Tuduhan ini membuat warga setempat khawatir, sehingga seorang pelapor bernama M. Arief Fadillah (43) melaporkan dugaan penjualan makanan berbahaya tersebut melalui call center 110 pada Sabtu (24/1/2026). Pelaporan ini dilakukan karena Suderajat diduga menjual berbagai jenis es, termasuk es gabus, agar-agar, cokelat meses, serta sisa kue.

Tim piket Reskrim Polsek Kemayoran mendatangi lokasi di wilayah Utan Panjang, Kemayoran, Jakarta Pusat, untuk melakukan investigasi lebih lanjut.

Hasil Pemeriksaan Laboratorium

Setelah dilakukan pemeriksaan oleh Tim Keamanan Pangan Dokpol Polda Metro Jaya, seluruh barang dagangan milik Suderajat, termasuk es kue, es gabus, agar-agar, dan cokelat meses, dinyatakan aman dan layak dikonsumsi. Hasil pemeriksaan awal menunjukkan bahwa produk tersebut tidak mengandung zat berbahaya.

Namun, untuk memastikan hasil yang lebih pasti dan ilmiah, sampel juga dikirim ke Dinas Kesehatan dan Laboratorium Forensik (Labfor) Polri. Sampel tersebut masih dalam proses pengujian.

Jaminan Keselamatan dari Polisi

Suderajat mengungkapkan kekhawatirannya terhadap stigma yang beredar dan rasa takut menjadi sasaran kekerasan jika kembali berjualan, khususnya di wilayah Kemayoran. Ia mengatakan, “Takutnya diincar, takut dibilang es racun gitu. Takutnya, kan bocah-bocah begitu.”

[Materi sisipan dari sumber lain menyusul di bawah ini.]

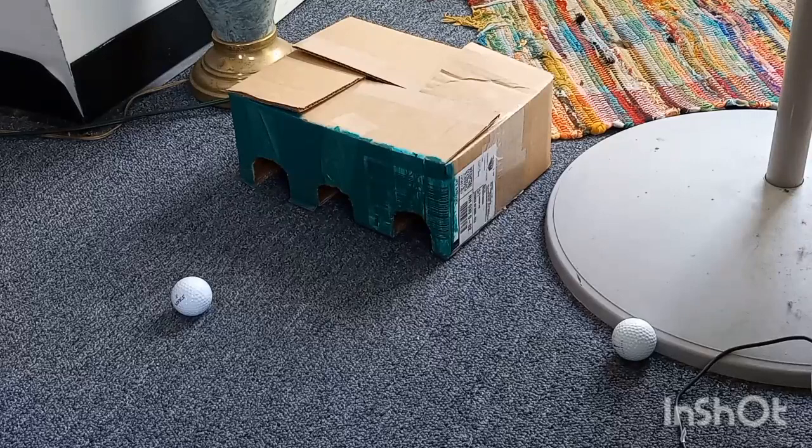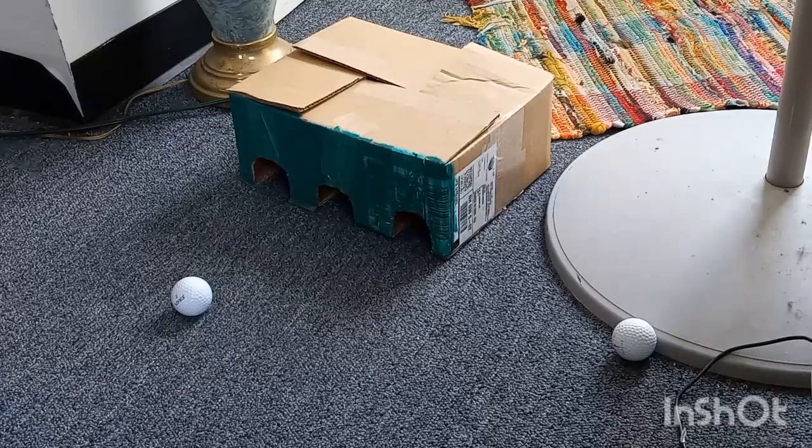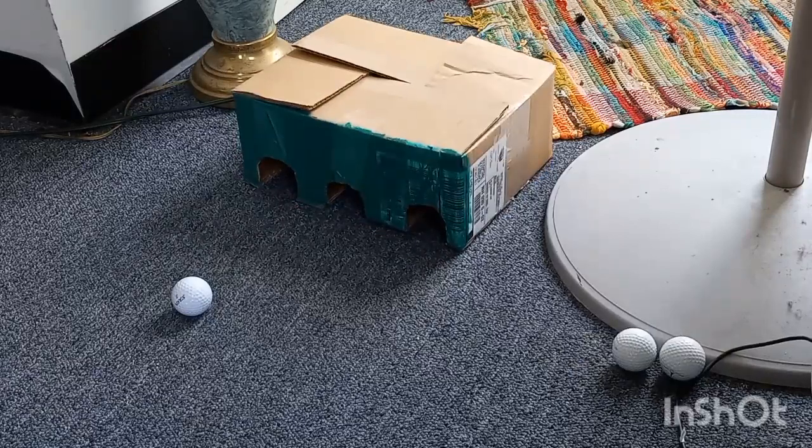The ball is blocking both sides on the left, so I'm going to aim to get them all in at the blank point. Almost, almost there!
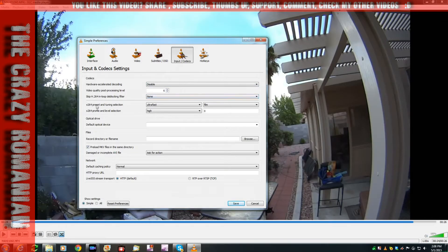Then you have to go under X264 Preset and Tuning Selection and set it to Placebo or Very Slow. I've tried them both, they both work — I use Placebo.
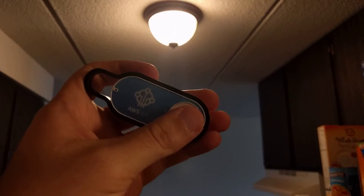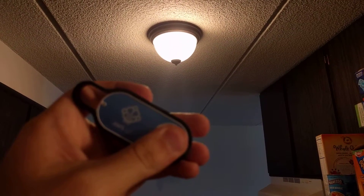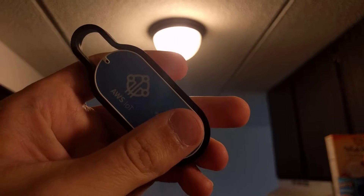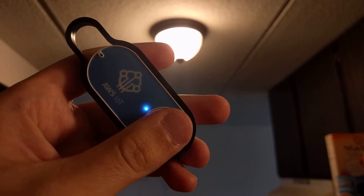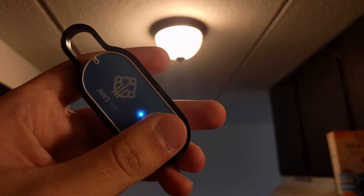This one is in control. A long press will turn off my kitchen light. That might have been too long. That was too long.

Menanggapi hal ini, Kapolres Metro Depok Kombes Abdul Waras dan Kapolsek Bojonggede AKP Abdullah memberikan jaminan keselamatan bagi Suderajat jika ia kembali berjualan. Mereka menegaskan bahwa tidak ada racun dalam produk es gabus yang dijual oleh Suderajat.

Bantuan dari Pihak Berwajib

Selain itu, Suderajat juga menerima bantuan berupa satu unit sepeda motor Yamaha Mio dan modal usaha dari Kapolres Metro Depok Kombes Abdul Waras. Bantuan ini diberikan sebagai bentuk dukungan untuk membantu Suderajat kembali berjualan dengan tenang.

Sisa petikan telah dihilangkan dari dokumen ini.